In recent times we often come across the term insolvency and how companies are shutting down to stay away from prison time, but what is insolvency? In legal terms, insolvency is a term used to describe a situation where the liabilities of an individual or a firm have exceeded his assets. On paper this definition is simple, however in practice, insolvency can be explained as a situation in which an entity, i.e. an individual or a firm, is unable to raise enough money to fulfill its obligations, or is unable to pay its debts. Such a situation can also occur when the value exceeds the total of its liabilities. To put it simply, it is a state of economic distress where someone is unable to provide the amount to pay their bills and such a situation can lead to legal proceedings resulting in the probability of assets being liquidated to provide the amount required to pay off the outstanding debts.
Ways To Avoid The Pitfall Of Insolvency
1. Analyse your cash flow: a thorough study on your cash flow will highlight where your problem lies. Do you have money left to be recovered from clients and customers? Do you have underused and or unnecessary stocks in the market whose values are depreciating? Are your payment dates too generous perhaps you can negotiate with your clients to provide you payment on an earlier date? Analysing can help you to understand where your money is and provide you with insight to strategize.

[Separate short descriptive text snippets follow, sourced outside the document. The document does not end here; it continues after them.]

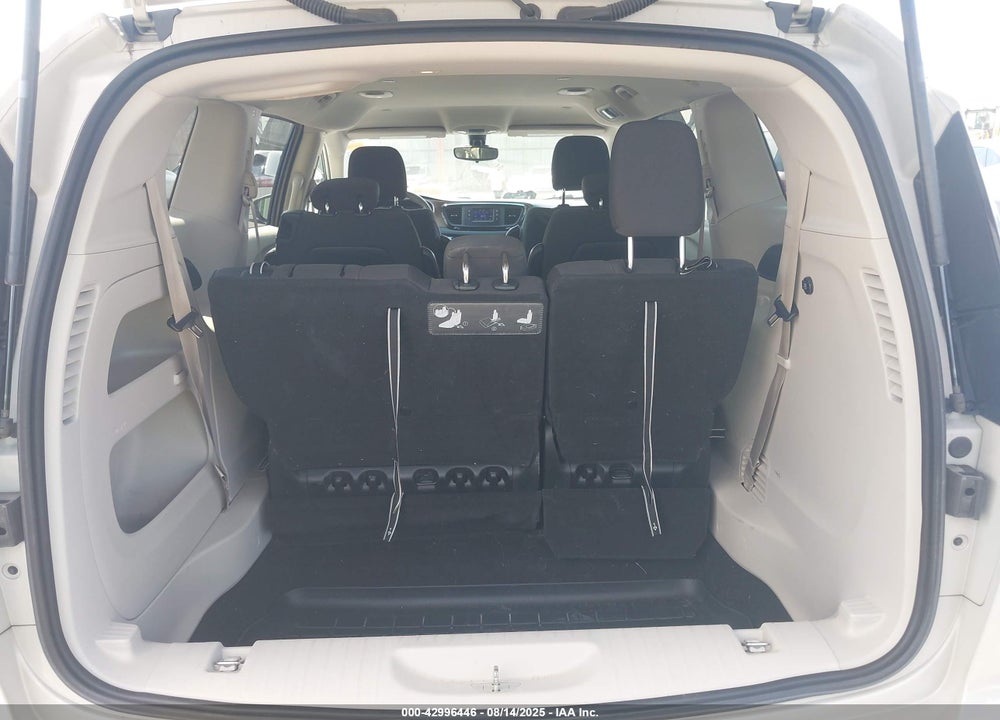 2017 CHRYSLER PACIFICA TOURING VIN: 2C4RC1DG1HR551695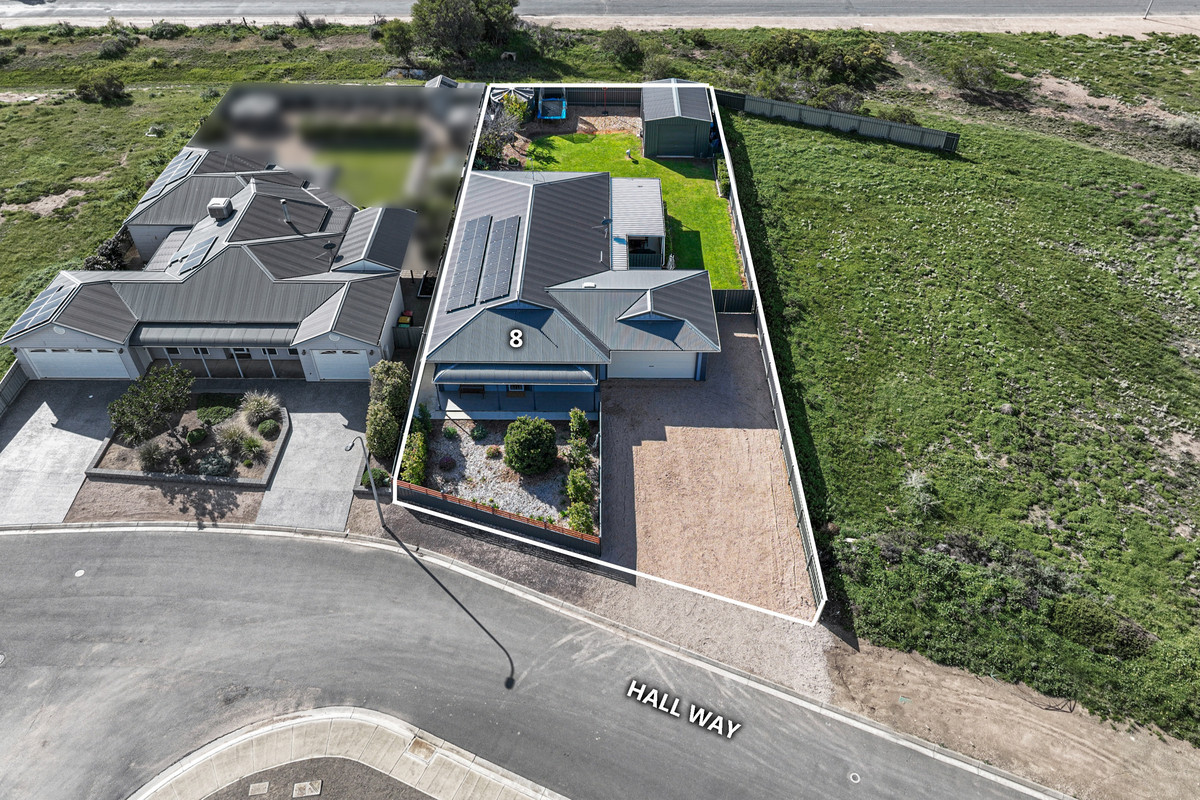 Spacious Family Living with Shed, Solar & Room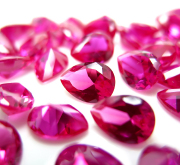 ルビー【AAA】「合成コランダム/火炎溶融法（ベルヌーイ法）」・ルース（裸石）/ペア【5×4mm】ファセットカット（100個）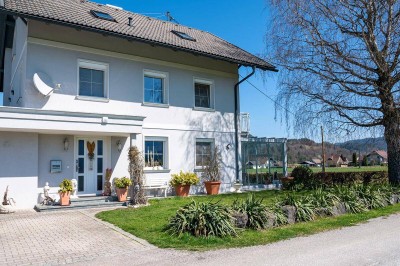 Exklusive Liegenschaft in Alleinlage mit großem Grundstück nahe Velden am Wörthersee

2. Expert advice: easily the first step you should take when you realise that you are on the brink, is to seek advises from financial and budget experts. They will provide you a better understanding as to where your money is depleting. Most experts have years of experience dealing with similar clients and can help you formulate strategies to avoid the same mistakes committed by others. They can advise on where you ought to cut expenses and manage your debt more realistic to achieve results.
3. Look for means to get money: the more effort you put in generating money for your debt, the faster you can see to paying it off. The longer the debt remains, the higher the interest and penalties will grow. This not only helps you in a quickly clearing of your debt but your creditors will be more than willing to negotiate with you if they see genuine effort in repayment. Common means of repayment of debt includes, selling your assets, getting an extra job to add in the flow of income generation etc.
4. Negotiate with your creditors: a good plan as strategized by your financial experts will convince your creditors during negotiations as they are more willing to trust someone with a solid plan on repaying their debts than someone without plan. A good plan will convince your creditors to give more time for repaying of debt, provide you with lower interest rates, and charge lesser in penalties.
5. Avoid taking additional debt: avoid taking extra debts. This does not require much explanation an additional debt will only weight you down in your efforts to avoid insolvency. Rather, invest your time in taking up extra work so that you get a better cash flow.
6. Debt management plan or proposal: if you can convince your creditors to agree, you could arrange a debt management proposal or plan, which is basically a more formalised approach into recovering debt avoiding formal procedures of insolvency without affecting your overall credit score history.
Debt can be a real pain and will take a lot of your time and health. The sooner you repay them the lesser your burdens and the risks of falling into insolvency. So, consult experts, utilise strategies and pour your efforts in being cleared of debt.